Q: Let me be very frank and ask you whether you or any member of your family was closely acquainted with anyone in the Rajapaksa family?

Absolutely not, a lot of people say that she was made CJ because she was ‘aligned’ with the Rajapaksas and that it was a political appointment. Constitutionally, the CJ is appointed by the President of the country up to this point. In that case then, every single CJ is a political appointment. At the time she was appointed as a Judge by the former President Chandrika Bandaranaike Kumaratunge; they said because they were both Bandaranayakes (even though the spelling was different), that was the reason she was appointed. That was also not true. The fact of the matter is our family has no connection with the former government or the Rajapaksa family. The reason people say that is because they want to create a connection to explain what took place. But that is not the case. We are not politicians. I want it to be very clear that there was no connection between the former President or the President before that.

Q: Are you friends with the former President’s sons?

No, I have never met or spoken to them.

Q: What compelled you to comment on Namal Rajapaksa’s post on Facebook about his mother?

There is a reason. I am usually very silent on Facebook or any other public forums. It is because of the unfortunate fact that whenever I say something, it is construed as coming from my mother – that because she doesn’t talk, she speaks through me. However, I am my own individual and I have my own opinion.

The reason I made that recent comment on Namal Rajapaksa’s post was because Mr. Rajapaksa might not have had a sense of what happened during their tenure. I don’t blame him. In fact, I empathize with him, as a son, for what he must be going through. The reason why I mentioned was that because after the shift in January, that it might have numbed him to everything that must have happened before and it might have been surreal for him just like it was surreal to me when the impeachment was happening. He should realize at least from my perspective, that this was the same feeling I felt two years ago. I only mentioned myself and my family in that comment.

Q: Has Namal responded?

No, he has not, and I don’t think he would either because the appropriate response would be an apology but that would not come.
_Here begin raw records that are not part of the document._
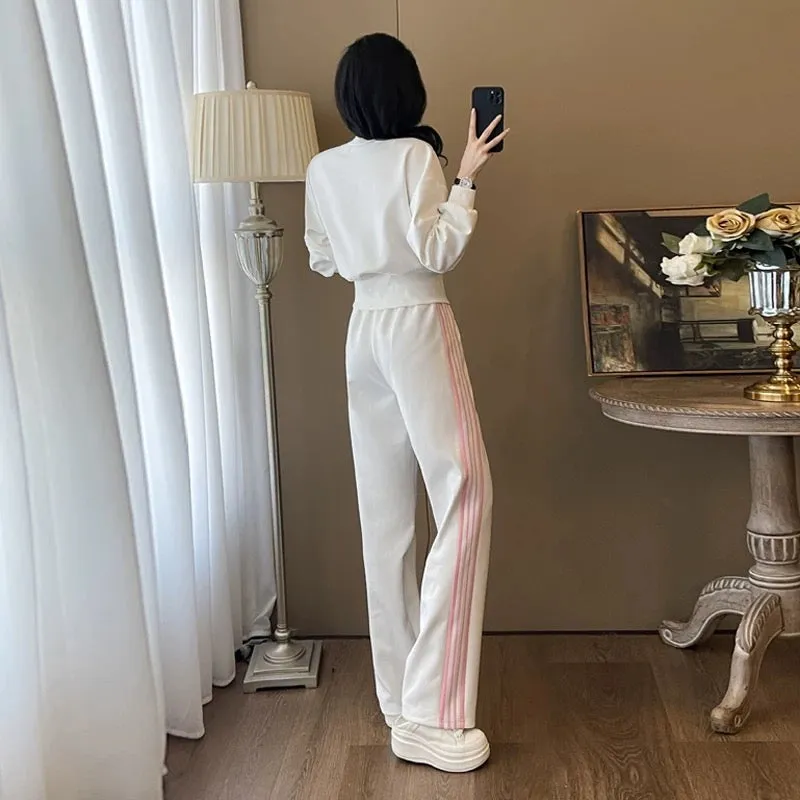 White high-end sports casual suit for women, autumn fashion, fashionable Internet celebrity street sweatshirt, trousers, slimmin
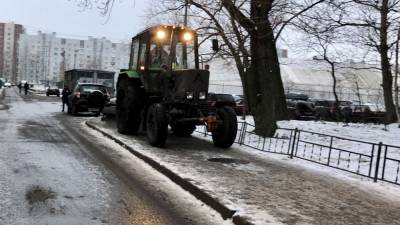 Вадим Наумов - Тракторист "похоронил" под опилками семилетнюю девочку в Кировской области - nation-news.ru - Кировская обл.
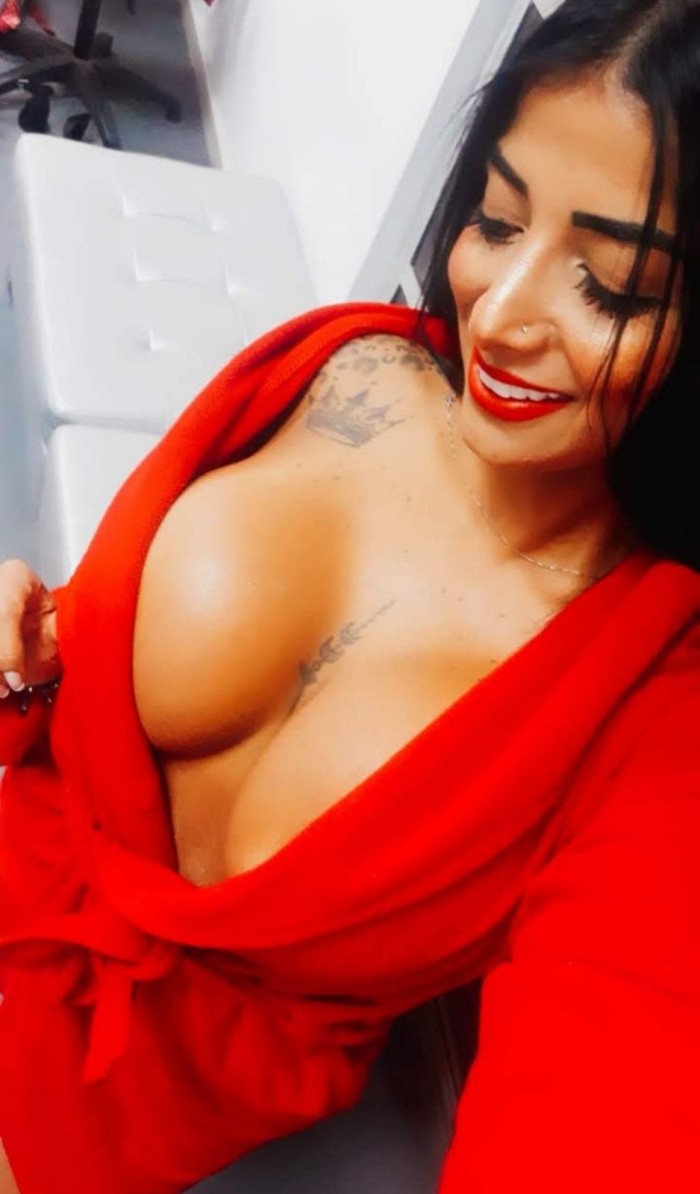 VENEZOLANE AUX BELLES CURVES ET AU GRAND CUL profile photo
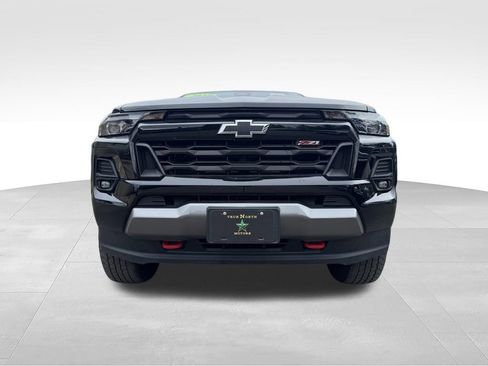 Used 2025 Chevrolet Colorado Z71 AWD/4WD image 4
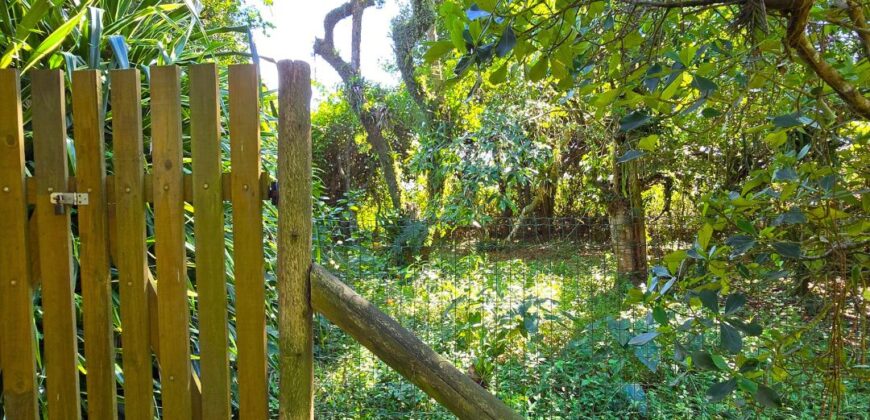 Casa a venda localizada no Bairro Alto Arroio, á beira da lagoa de Ibiraquera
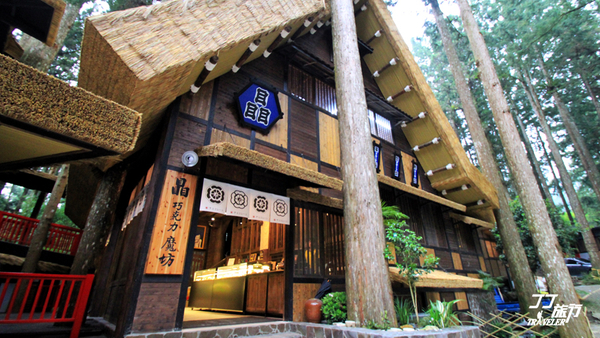 Những nét kiến trúc đậm chất Nhật Bản đã góp phần tạo nên “thương hiệu” cho ngôi làng kỳ lạ này. 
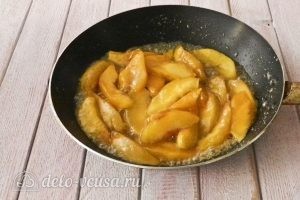 Пирог из слоеного теста с персиками: Перемешиваем персики в карамели
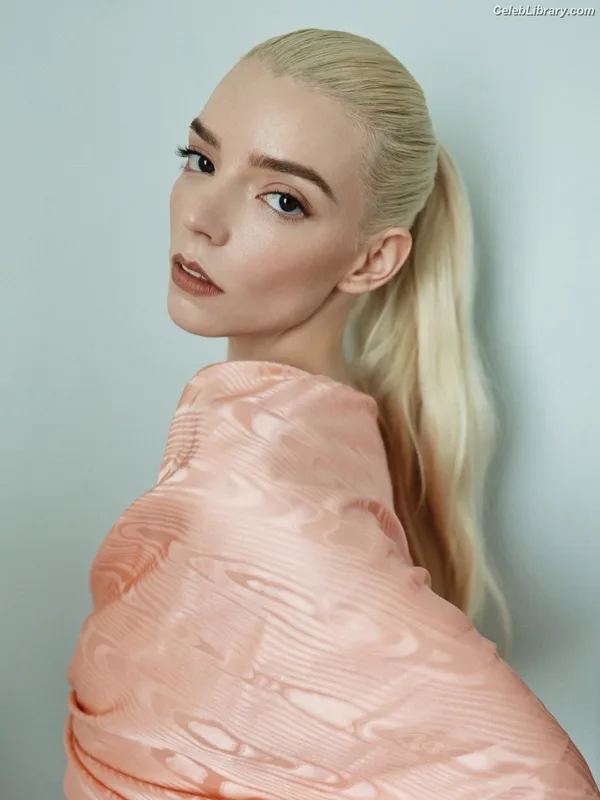 Anya Taylor-Joy photo 10 of 1440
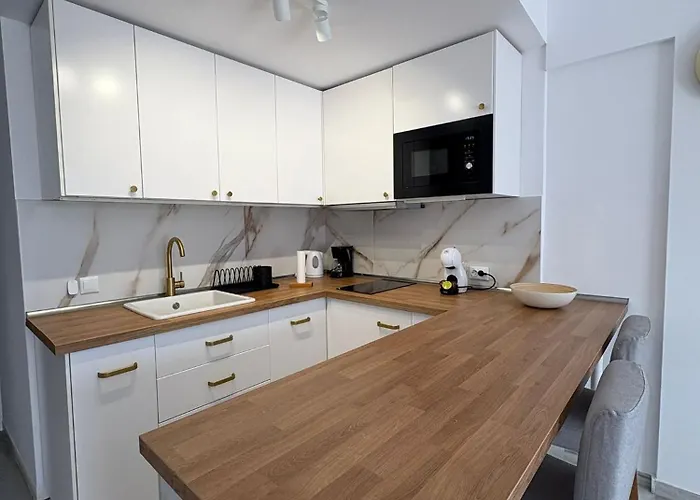 Palm Breeze Retreat - La Caleta Apartment *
Q: Do you have any plans of entering into politics someday?

Not at this time. I am not the kind of politician that is accepted in society now perhaps. I am not the politician that this country wants right now but may need someday.

Q: Do you have anything else you would like to add?

My parents are not going to talk publicly. At this point of time, while justice has prevailed, in terms of their cases, those are still pending. The reason is because it is probably not as easy to finish something as it is to start it, specifically when it comes to a Court of Law. And knowing the type of people my parents are, they don’t want to go through the backdoor and get it finished off. They want it done properly and there are procedures that need to be followed. But to expedite them would be brilliant. My parents’ passports are still impounded and because of this we cannot attend my graduation in UK in July. So while justice has prevailed in the public light, there is still unfinished business. In some ways, for us personally, it is still going on.